→ What to produce
Every line of the material is to be quoted verbatim, minus the pictures.

BEGIN Data excerpt

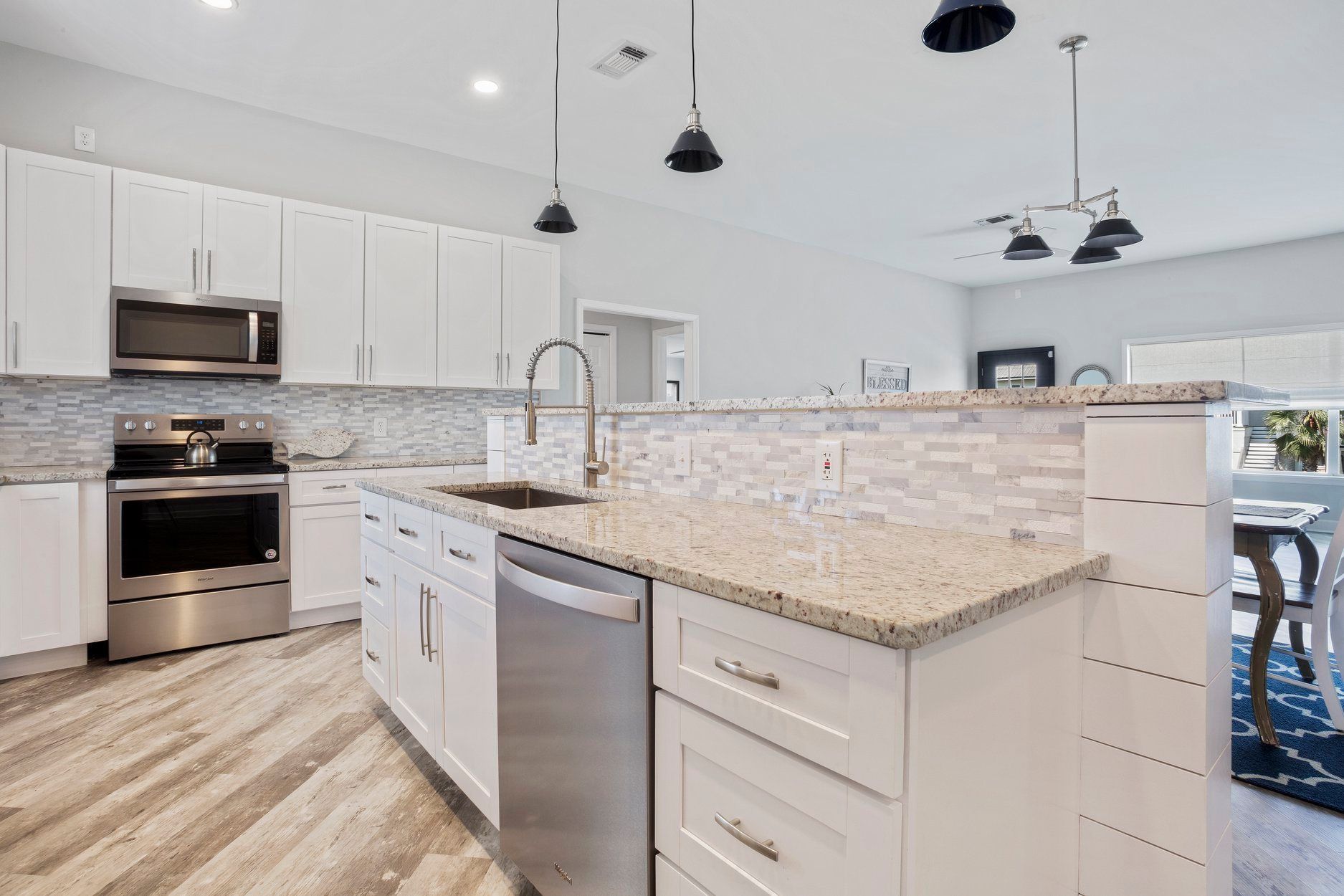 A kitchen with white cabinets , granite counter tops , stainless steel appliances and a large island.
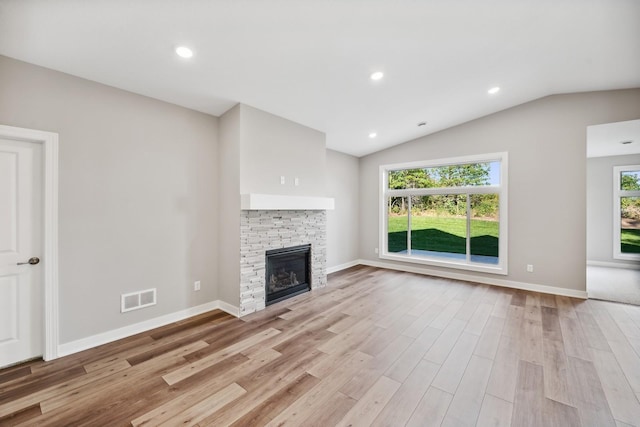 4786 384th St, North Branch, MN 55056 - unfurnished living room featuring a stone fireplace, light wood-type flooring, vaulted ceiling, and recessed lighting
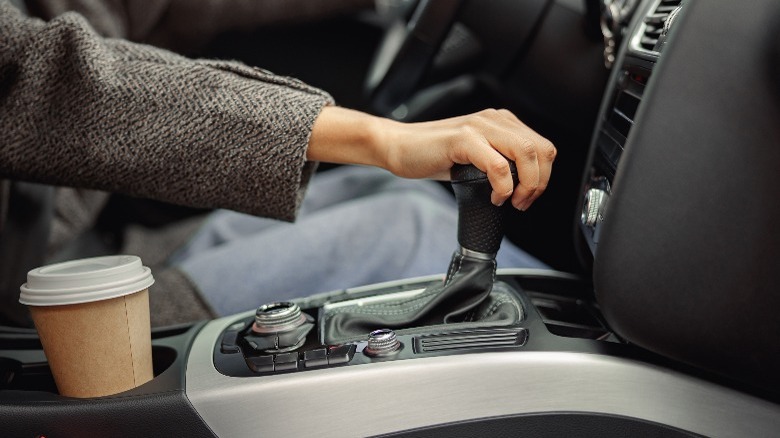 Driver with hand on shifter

END Data excerpt

→ Exercise solution
 A kitchen with white cabinets , granite counter tops , stainless steel appliances and a large island.
 4786 384th St, North Branch, MN 55056 - unfurnished living room featuring a stone fireplace, light wood-type flooring, vaulted ceiling, and recessed lighting
 Driver with hand on shifter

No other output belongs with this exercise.